“The Unforgettable Fire”
The following is the text of a sermon by Associate Pastor Dennis Sanders preached on May 23, 2010- Pentecost Sunday. It is based on Acts 2:1-21.
It was back in the winter of 1999 that I took a trip to China. I went along with several other students from Luther Seminary here in town. It was something I had to do fulfill a cross-cultural requirement, and if I had to visit another culture, why not China? We spent two weeks in Hong Kong, which was fascinating just two years after the handover of the former colony from Britian to China. But the most fascinating part was the chance to fly out to Western China, near Burma. We spent that week in Yunan Province, in and around the city of Kunming. The purpose here was to visit the church in mainland China which meant visiting small villages in the mountains. We weren’t expecting any fanfare from visiting these towns.
Boy, were we wrong.
In every town we stopped at, we were greeted warmly. Actually that’s too tame a description: we were treated like rock stars. They would treat us to a fancy meal and made us sit at the front of the church like kings and queens.
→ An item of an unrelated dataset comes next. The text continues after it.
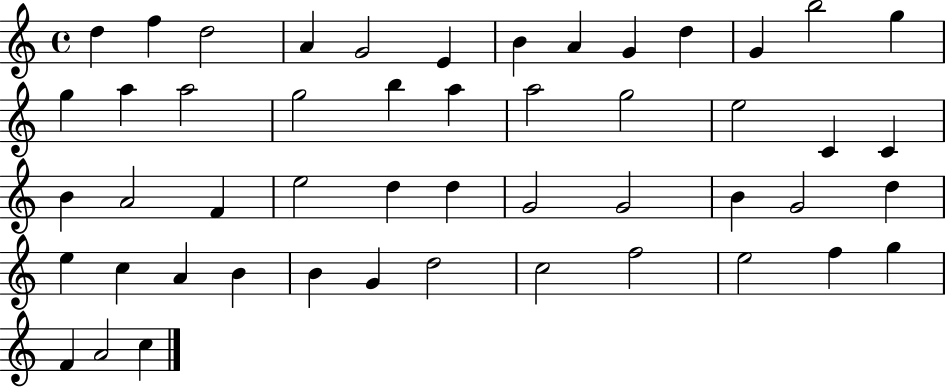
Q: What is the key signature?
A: C major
I am reminded of one particular story. We had visited two villages already that day and we were driving back down the mountain to head to our hotel in Kunming. As some point our bus came to stop. In front of us was a group of people from another town. They had heard about our visit in another town earlier in the day and wanted to catch us on the way back down. Now it was already 10 at night. We were tired. We wanted to get back to our hotel rooms and catch some sleep. But, these villagers wanted to meet their fellow Christian sisters and brothers who came across the world to visit with them. So, in the darkness, we went up to their village at night and took part in an impromptu worship service.
Look back, I tend to think this was a Pentecost moment: a time where we able to see God at work.
On this day of Pentecost, this day that we consider the birthday of the church, we can end up looking at this day as nothing more than nostalgia. We come and try to recreate the event of the disciples speaking in different languages and maybe even wonder why we can’t bring 3000 members to our church today.
Pentecost has become a kind of dusty celebration, a remembrance of things past. There is nothing wrong in honoring the past. It’s important to know where we come from and where we are going. The problem is that too often, the church has the knack of seeing Pentecost as something that happened in the past. It’s a past-tense event. But the thing is, it is not simply something that happened in the past. Pentecost the coming of God’s Spirit, is something that happens again and again. Pentecost is also a present-tense event. The Spirit is what powers the church, what sustains us in the good and bad times.
What we see happen in Acts 2 is God breaking into people’s lives. Peter is able to explain to those gathered what has just happened and his talk is to simply say: the Spirit is here. God is here…now.
Acts 2 is not just something that happened in the past; but also about us now, about what the church is supposed to be all about. As the gathered community called the church, we are called to share what God is doing in the world.
But of course, that means that we are able to see that God is at work in the world. Do we see God at work?
I think it can be easy to become busy in the everyday to not see where God is working. I know that I see it every Sunday morning when I pass by the children’s Sunday School class every Sunday morning. We just saw it when we saw the kids running wild around the church with kites. We are called by God to testify to that Spirit that is alive and running wild and free in the world.
I want to close with a story about a dreamer. His name was George. George was a man well into his 80s and went a church a lot like this one. Times were tight at the church, but one morning, George got up and told the congregation that they needed to raise $11,000 for a capital campaign to build a new church building. “We must look to the future,” George said that morning. The church decided to heed his words and began raising the money needed for the new building. Years later, the church expanded their new building, again heeding the words George spoke so many years before.
For the astute among you, the George I am talking about is Dr. George Haggard and the church I am talking about is this one. It was Dr. Haggard, who was 87 when he made that statement about looking towards the future, that was instrumental in raising the funds needed to build the church building we are in now.
I think that Dr. Haggard had a “Pentecost moment” on that Sunday morning in 1944. He had faith that God was going to do something and planted a vision. Talk about your old men having visions.
It was two years ago, that we sold this building to the Minneapolis Institute of Arts and we are now deciding what to do next. I know it will be hard to move out of this space that has been home to this congregation for 55 years. It might even feel that this is the end of a dream.
But I think Dr. Haggard’s words still ring true today. We have to look towards the future and see where God is at work and join God there. We have to be open to the Spirit, to have a vision of what God would have us do and then, empowered by the Spirit, get to work.
Pentecost is about a fire that has spread around the world and it’s still spreading all these years later. Can we see where Pentecost is happening? Are we willing to share it?
May God grant us the eyes to see Pentecost moments and tell others to join in God’s parade. Thanks be to God, Amen.